As a student, who studies Physics, I am curious about various physic phenomena, and always willing to see the newest and the most mysterious phenomenon. This was my motivation to leave Vietnam and Russia to join Erasmus Mundus program Nanoscience & Nanotechnology to learn more about physics, quantum physics, nanoscience and nanotechnology. My curiosity and love for physics lead me to concentrate mainly on mesoscopic physics, quantum coherence transport of electrons, quantum dots and graphene.

In addition to these theoretical knoledges, I also acknowledge the importance of practical skill in using preparation, ranging from top-down, like e-beam lithography, dry etching techniques to bottom-up ones, like self-assembly and characterization techniques, like AFM, NanoSEM, or Raman spectroscopy to equip myself for my future career in nanoscience as a physicist. In the next few paragraphs, I will show you how experienced I am in using some important techniques used in experiments with graphene, and also present briefly about my academic success during the last two years.

Firstly, I have a lot of experiences in using e-beam lithography thanks to my Master thesis, which concerns with long range proximity effect in ferromagnetic materials. For this thesis, I have to work daily with different sputtering, etching systems and especially with e-beam lithography in clean room to prepare samples for measurement at low temperature. Working with this state-of-art equipment is both exciting and challenging. It is exciting, because with this kind of equipment, I can write a structure as small as 50nm, or even smaller. And in nanoscience, all objects have a size in nanoscale.

Therefore, mastering in using this equipment is the most important key to go further in academic career in nanoscience and nanotechnology field. And now, before ending my thesis, I can say that I use my time in the smartest way to learn as much as possible about e-beam lithography, both in how to use it, and what kind of technical problems can happen with it, and more or less how to fix it. But working with e-beam is also challenging, because it is not as simple as writing some letters with pen, as illustrated in any literature about e-beam lithography.

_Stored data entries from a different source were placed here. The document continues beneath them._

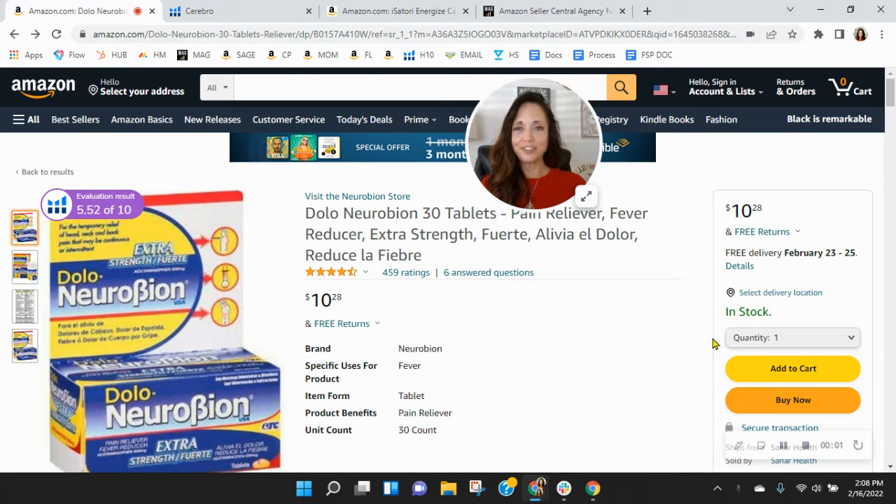Hi Paolo, I put together this short video audit of your listing on Amazon and it's my hope that I'll earn a phone call with you. My name is Shawn and I'm with My Amazon Guy.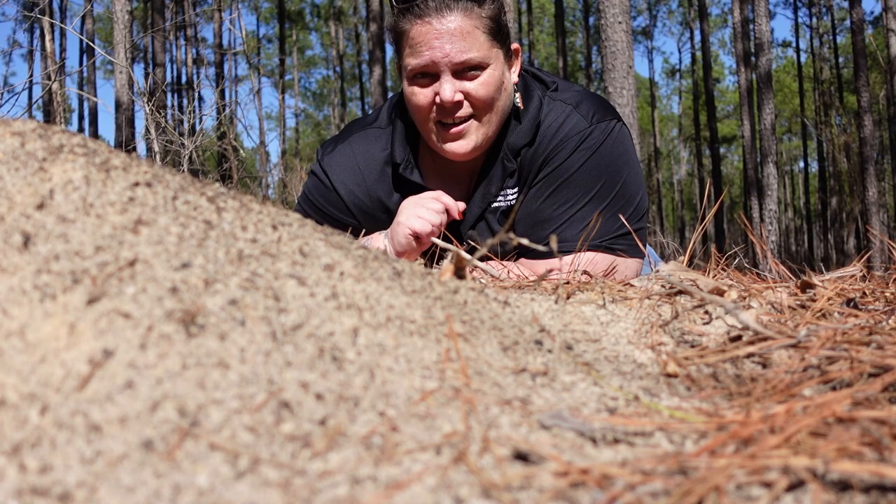Welcome to SRAL's web series, EcoBytes. Each month we'll focus on a different subject with new episodes coming out every Friday, so make sure you like and subscribe so you never miss a bite of ecological exploration. This month we're going to look at a few invasive species and the impacts they might have on our environment.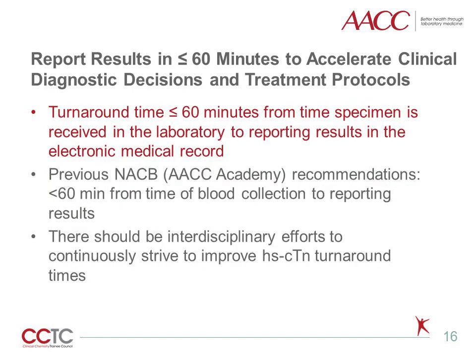The IFCC and AACC Academy recommend that cardiac troponin results should be reported in less than 60 minutes, with turnaround times monitored from the time the specimen is received in the laboratory to reporting in the electronic medical record. Previous recommendations focused on a turnaround time less than 60 minutes based on the time of blood collection to reporting the result. However, gathering accurate data around the timing of blood collection can be a challenge for laboratories. In reality, often the only control the laboratory has for obtaining accurate turnaround time data is from the time the specimen arrives in the laboratory to the final report. That being said, laboratories should strive to make continuous interdisciplinary improvements in troponin turnaround times in order to provide results as quickly as possible so appropriate diagnostic decisions can be made and/or treatment protocols can be initiated.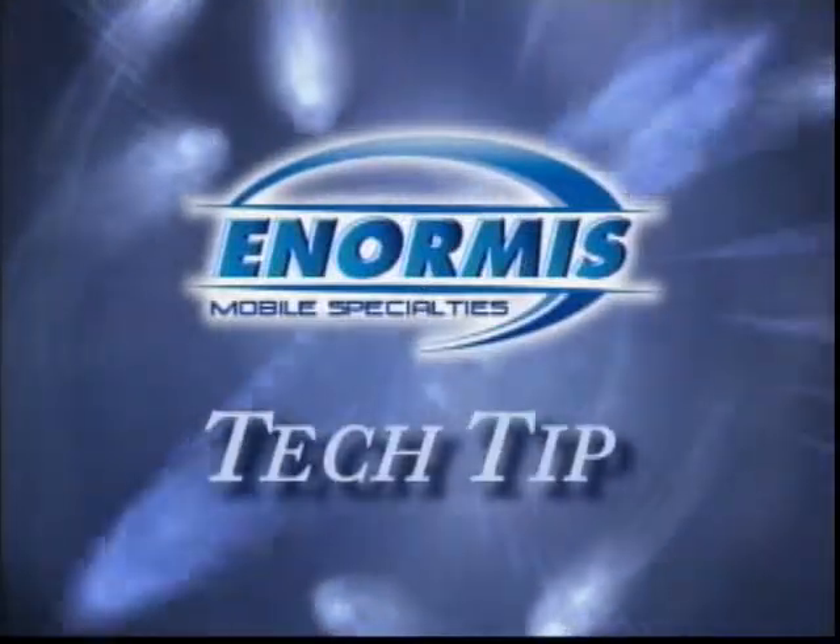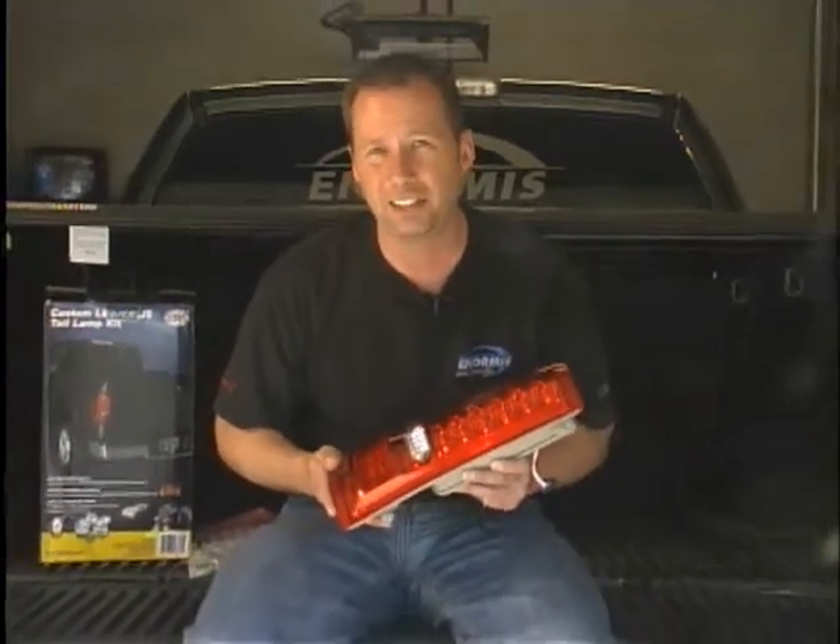This tech tip brought to you by Enormous Mobile Specialties. Have you ever seen those cars in front of you that when they hit their brakes, the lights come on instantly? They're very intense, they're very bright. Those are LED taillights.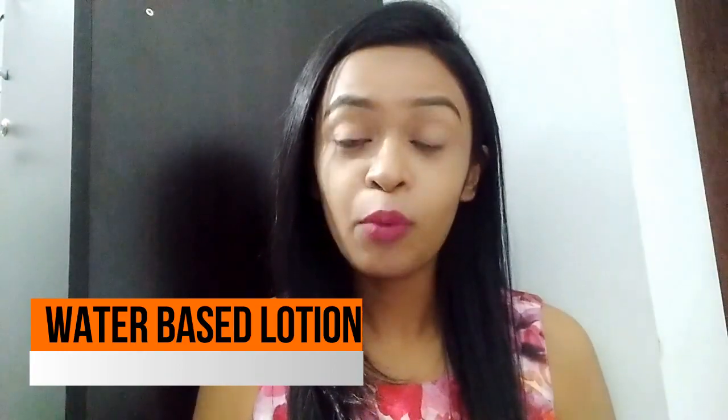The second tip is to switch to water-based moisturizers. Sometimes no matter how much moisturizer we use, our skin is still dry. So after cleansing and toning, add a water-based moisturizer to your routine. This will add extra hydration and water content to your skin so it does not dry out. I will mention some recommended moisturizers in the description box, so check those out.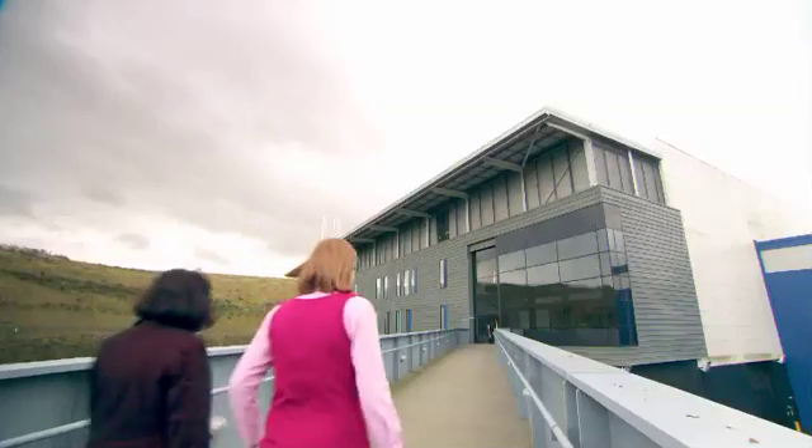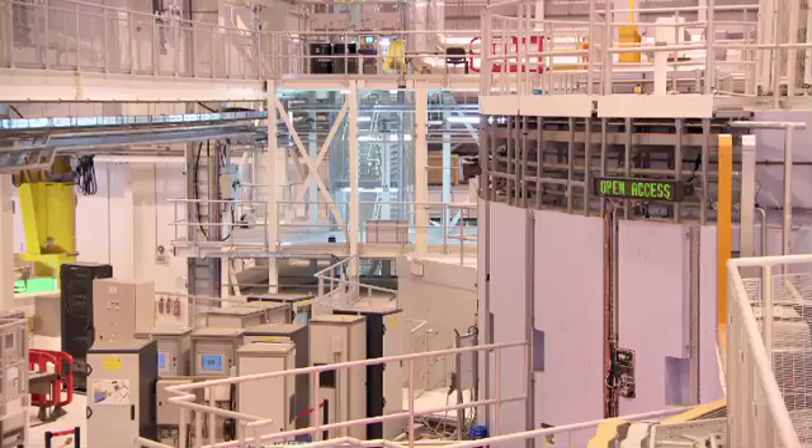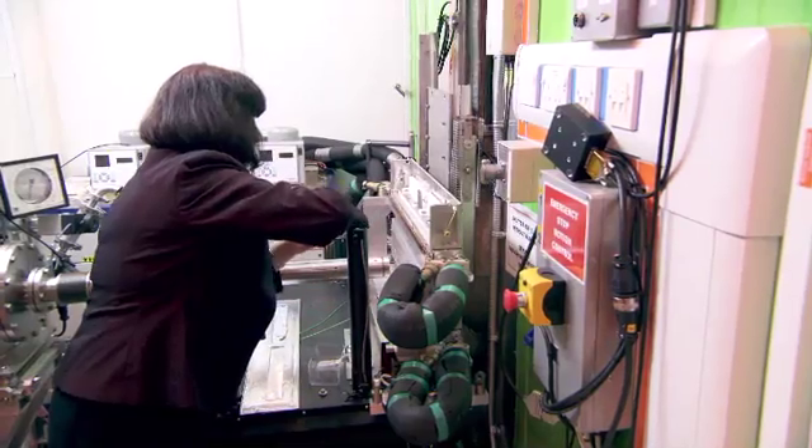We're in a research centre called the Rutherford-Appleton Laboratories. This research centre is actually only one of a handful in the world that produces neutrons to look inside things, almost like a microscope really, but looking at very, very, very small structures.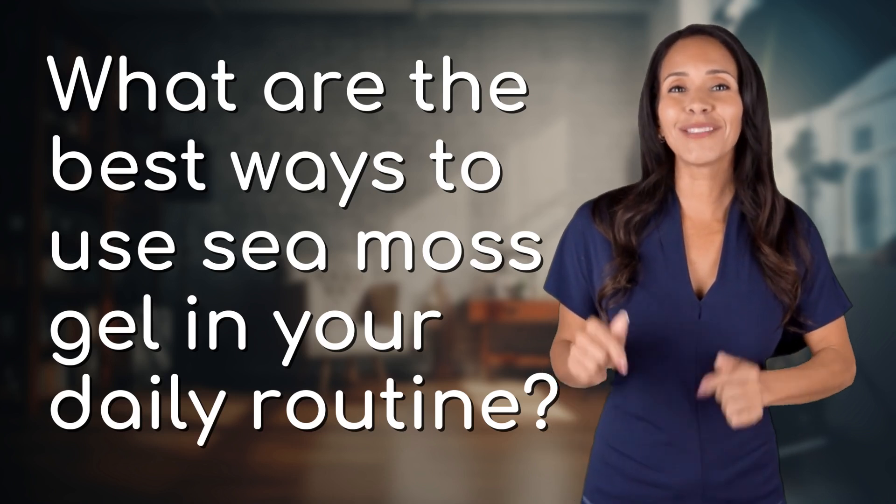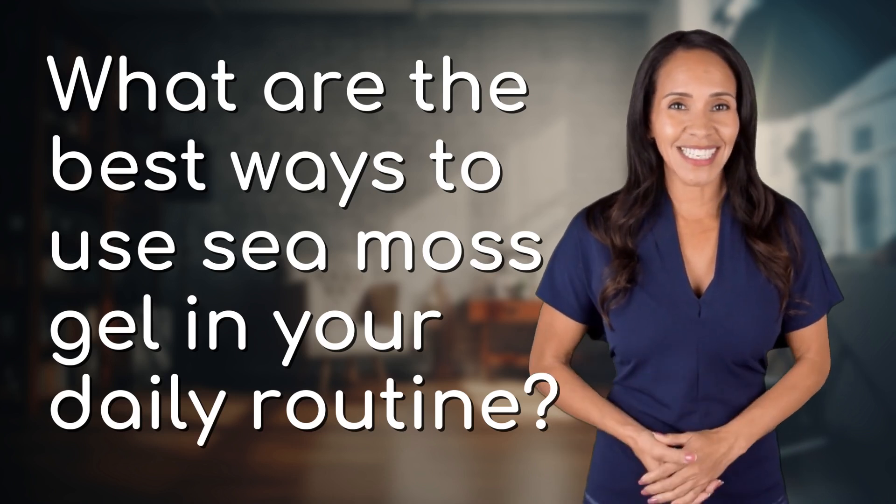Bringing you info at the speed of now — what's today's instant insight?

To receive the best resolution and high quality samples in the most economic way in time and money, it requires a lot of knowledge about all parameters, which can contribute into the final result. Therefore, a careful examination of different parameters is highly important. In my work in Leiden with e-beam, I have succeeded to reduce a writing time for my sample from 12 hours to 6 hours by varying a settling time. And this dramatic reduction in writing time has enhanced a lot in my work efficiency. On the other hand, as my sample requires an etching step during preparation, I have some experiences with Argon ion beam etchers.

Compared to e-beam lithography, this machine is less complicated, but sometimes still problematic. And the biggest issue, which I faced with, is a thermal problem created by collision of ions. The heat can be high enough to polymerize my photoresist and make it too hard to remove. After some times to brainstorm, a simple solution was found; it requires liquid Nitrogen to cool down sample. But applying liquid Nitrogen is also tricky; a flux must be high enough to cool down efficiently, but not too high to detach a covered photoresist.

In addition to these practical skills, I have learnt and good background in different fields, Physics, Chemistry. And fortunately, in the last two years, I’ve passed with great successes in these subjects, with best results in Physics. Some of my best results are in Mesoscopic Physics with 8. 5/10 in TuDelft and 16/20 (rank B) in KULeuven, Scanning Probe Microscopy with 16/20 (rank B) Advanced Nano-electronic concept with 15/20, and Statistical Physics with 10/10 in Leiden. Therefore, I have a strong confidence about my strong physic background, to face with tough problems in quantum world, like quantum dots or graphene.

In addition to a strong interest in physics in nanoscale, I even have an ambition to contribute into realizing potentials of graphene in industry. But to fulfill this dream it is crucial to learn, to investigate more and more about properties of this material. And once after reading an article about the effect of zig-zag edge on magnetic properties of graphene (1), I have a dream to combine this discovery with my recent master thesis project in spin triplet supercurrent in ferromagnetic materials. If Prof.

Eschrig is true about a potential of ferromagnetic materials in spintronics as a spin filter (2), I also have an imagination to apply graphene in this role as well. Then, by varying the type of edges, graphene can generate different types of Cooper pair, with zero and non-zero spin. This plan is still quite out of my reach, especially when both two mentioned topics, long-range proximity effect and ferromagnetic properties of graphene, are still in debate, and have a lot of challenges to overcome, but it is really nice project to follow, at least from my point of view.

In the end, after presenting about my practical skills, theoretical knowledge and also my ambition to progress in nanoscience, I hope you also recognize me as a strong candidate with great potential for this position. From my side, to join your group, listen and learn from experts in quatum nanoelectronics is my pride, and my dream. I believe that only in this prestige academic environment, my skills and knowledge will be improved dramatically. Le Quang Toai. References: 1. Y. Wang, et al. , Nano Lett. , 9 (1), pp 220-224, 2009. 2. M. Eschrig, et al. , Physics Today, 1, vol. 64, 2011.